Прохаживаясь по кабинету, генерал поглядывал на Таганова, словно раздумывая, сказать ли то, что пришло сейчас ему в голову.
— Идет война, когда оценки всего происходящего смещаются в сторону ужесточения. И это правильно. На нас навалился смертельный враг, и мы не вправе благодушествовать. Да, мы осуждаем тех, кто попал в плен. Малодушию на войне места быть не должно! Это равносильно предательству. А у тех, кто попал в плен, думаю, есть или было три пути.
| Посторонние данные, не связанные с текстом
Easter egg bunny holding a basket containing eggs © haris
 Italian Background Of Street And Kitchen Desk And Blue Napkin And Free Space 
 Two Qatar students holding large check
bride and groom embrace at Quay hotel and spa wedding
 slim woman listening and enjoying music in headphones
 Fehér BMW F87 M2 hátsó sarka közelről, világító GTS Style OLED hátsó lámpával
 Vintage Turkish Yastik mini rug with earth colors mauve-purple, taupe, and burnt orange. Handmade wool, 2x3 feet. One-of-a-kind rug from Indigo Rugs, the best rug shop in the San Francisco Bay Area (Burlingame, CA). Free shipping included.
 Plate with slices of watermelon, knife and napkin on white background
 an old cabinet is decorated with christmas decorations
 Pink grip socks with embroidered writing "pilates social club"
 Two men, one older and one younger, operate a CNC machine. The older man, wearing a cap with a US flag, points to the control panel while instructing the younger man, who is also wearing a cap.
Первый — открытый вызов врагу, неповиновение. С такими фашисты не церемонятся, их расстреливают. Не каждый способен на столь геройский шаг. Второй путь — предательство, сотрудничество с врагом, когда предают свои убеждения, совесть, Родину. И, наконец, третий путь — выиграть время, пойти якобы на компромисс с врагом, чтобы усыпить его бдительность... Ясно, что многие военнопленные вступили в легион с целью выжить, но они ждут удобного момента, чтобы сбросить с себя ненавистную форму, перейти на сторону Красной Армии. Таких много. В отдельных батальонах патриоты создают подпольные комитеты, подготавливают организованный побег.